Using the listing below, report each line holding the string "null".

*Data*
——
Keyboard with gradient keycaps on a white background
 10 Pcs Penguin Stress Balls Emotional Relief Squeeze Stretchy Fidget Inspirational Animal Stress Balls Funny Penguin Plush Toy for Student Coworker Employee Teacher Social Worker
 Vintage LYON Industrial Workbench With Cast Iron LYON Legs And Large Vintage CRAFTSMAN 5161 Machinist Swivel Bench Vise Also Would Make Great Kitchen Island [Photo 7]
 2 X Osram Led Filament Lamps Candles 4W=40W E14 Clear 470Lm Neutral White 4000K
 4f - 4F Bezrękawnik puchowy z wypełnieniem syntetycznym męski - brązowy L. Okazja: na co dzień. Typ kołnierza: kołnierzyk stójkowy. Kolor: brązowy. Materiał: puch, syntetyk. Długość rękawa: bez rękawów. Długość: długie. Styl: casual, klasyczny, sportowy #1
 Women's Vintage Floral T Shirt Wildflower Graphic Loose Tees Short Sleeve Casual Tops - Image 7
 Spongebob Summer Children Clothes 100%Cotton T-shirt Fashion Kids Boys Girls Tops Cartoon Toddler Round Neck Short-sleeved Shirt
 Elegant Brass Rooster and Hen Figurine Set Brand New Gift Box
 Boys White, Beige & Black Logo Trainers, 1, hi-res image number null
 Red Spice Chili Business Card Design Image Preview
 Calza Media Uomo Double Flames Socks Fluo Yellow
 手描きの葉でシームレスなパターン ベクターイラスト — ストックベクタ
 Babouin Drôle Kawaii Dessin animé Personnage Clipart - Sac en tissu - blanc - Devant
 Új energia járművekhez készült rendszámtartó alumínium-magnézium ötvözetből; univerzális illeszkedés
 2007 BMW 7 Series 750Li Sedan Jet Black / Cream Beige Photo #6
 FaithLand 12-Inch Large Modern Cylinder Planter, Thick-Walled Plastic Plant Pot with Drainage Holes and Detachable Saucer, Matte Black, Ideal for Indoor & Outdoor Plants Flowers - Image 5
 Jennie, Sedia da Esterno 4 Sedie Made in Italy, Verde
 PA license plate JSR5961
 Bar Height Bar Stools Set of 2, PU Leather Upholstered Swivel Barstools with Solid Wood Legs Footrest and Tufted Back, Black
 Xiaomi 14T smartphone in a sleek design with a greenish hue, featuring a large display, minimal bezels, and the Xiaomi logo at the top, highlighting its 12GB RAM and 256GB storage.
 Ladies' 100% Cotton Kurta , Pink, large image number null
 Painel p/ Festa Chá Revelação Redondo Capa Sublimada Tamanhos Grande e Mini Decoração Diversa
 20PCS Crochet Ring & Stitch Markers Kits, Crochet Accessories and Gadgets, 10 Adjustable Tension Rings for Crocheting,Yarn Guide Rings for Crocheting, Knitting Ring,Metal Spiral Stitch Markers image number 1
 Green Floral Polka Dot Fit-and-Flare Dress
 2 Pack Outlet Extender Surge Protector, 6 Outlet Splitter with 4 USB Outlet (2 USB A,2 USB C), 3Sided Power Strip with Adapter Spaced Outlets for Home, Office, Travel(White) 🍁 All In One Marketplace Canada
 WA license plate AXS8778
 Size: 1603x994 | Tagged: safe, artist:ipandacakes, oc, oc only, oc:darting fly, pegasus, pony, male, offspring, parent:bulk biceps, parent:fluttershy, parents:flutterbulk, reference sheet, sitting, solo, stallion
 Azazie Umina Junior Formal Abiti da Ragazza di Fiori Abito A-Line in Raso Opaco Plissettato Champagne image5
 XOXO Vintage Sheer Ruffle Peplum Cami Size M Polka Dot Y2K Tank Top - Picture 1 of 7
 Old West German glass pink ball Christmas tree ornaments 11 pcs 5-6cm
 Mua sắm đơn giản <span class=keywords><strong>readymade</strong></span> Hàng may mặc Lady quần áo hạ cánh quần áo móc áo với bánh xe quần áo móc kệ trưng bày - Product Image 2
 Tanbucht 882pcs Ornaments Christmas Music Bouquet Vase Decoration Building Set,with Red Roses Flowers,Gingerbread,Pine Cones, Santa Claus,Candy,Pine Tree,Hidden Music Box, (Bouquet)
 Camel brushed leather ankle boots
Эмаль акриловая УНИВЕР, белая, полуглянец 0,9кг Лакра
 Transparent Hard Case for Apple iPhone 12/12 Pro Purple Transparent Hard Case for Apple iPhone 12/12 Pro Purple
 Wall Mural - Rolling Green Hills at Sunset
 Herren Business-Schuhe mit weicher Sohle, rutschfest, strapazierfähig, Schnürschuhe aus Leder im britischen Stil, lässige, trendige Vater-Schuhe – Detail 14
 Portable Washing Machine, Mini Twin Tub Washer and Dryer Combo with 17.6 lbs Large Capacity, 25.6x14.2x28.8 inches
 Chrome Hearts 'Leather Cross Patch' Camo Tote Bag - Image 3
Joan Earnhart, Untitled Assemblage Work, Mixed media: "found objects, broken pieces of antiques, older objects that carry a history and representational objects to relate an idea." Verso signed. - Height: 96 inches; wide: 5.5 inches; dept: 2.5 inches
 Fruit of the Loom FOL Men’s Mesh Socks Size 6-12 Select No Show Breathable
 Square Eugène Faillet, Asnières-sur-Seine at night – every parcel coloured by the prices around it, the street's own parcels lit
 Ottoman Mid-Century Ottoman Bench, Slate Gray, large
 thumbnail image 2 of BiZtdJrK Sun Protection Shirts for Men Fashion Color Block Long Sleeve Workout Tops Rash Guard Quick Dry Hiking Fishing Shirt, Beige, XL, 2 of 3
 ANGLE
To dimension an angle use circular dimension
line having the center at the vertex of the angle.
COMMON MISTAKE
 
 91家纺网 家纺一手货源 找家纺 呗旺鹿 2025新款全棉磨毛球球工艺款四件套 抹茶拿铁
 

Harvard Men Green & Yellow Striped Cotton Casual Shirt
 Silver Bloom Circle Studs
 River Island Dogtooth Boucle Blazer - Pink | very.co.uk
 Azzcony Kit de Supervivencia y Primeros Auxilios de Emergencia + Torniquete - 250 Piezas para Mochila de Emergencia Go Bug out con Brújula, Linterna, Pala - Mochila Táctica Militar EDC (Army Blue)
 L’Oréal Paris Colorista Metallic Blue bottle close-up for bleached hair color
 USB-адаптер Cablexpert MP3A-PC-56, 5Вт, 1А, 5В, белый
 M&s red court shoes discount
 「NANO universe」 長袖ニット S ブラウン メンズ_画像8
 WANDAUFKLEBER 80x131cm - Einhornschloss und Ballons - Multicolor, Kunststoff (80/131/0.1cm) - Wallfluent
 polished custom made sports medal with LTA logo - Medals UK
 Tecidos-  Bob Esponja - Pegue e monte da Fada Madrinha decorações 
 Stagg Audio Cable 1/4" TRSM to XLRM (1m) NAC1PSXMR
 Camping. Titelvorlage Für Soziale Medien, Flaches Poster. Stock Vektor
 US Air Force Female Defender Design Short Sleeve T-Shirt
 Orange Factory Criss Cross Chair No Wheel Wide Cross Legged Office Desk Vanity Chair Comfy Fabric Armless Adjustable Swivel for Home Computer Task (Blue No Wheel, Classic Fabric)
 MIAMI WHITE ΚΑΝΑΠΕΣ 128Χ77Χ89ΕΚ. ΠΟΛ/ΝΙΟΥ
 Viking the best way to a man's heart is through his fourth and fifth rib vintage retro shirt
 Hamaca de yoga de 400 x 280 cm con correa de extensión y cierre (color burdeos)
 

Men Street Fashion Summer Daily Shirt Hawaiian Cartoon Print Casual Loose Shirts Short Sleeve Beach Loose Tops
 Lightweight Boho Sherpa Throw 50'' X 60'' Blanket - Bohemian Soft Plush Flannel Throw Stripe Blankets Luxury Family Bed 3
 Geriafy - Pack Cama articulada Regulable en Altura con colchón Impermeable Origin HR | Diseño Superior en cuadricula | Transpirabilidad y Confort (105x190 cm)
——
*Problem solution*
 Boys White, Beige & Black Logo Trainers, 1, hi-res image number null
 Ladies' 100% Cotton Kurta , Pink, large image number null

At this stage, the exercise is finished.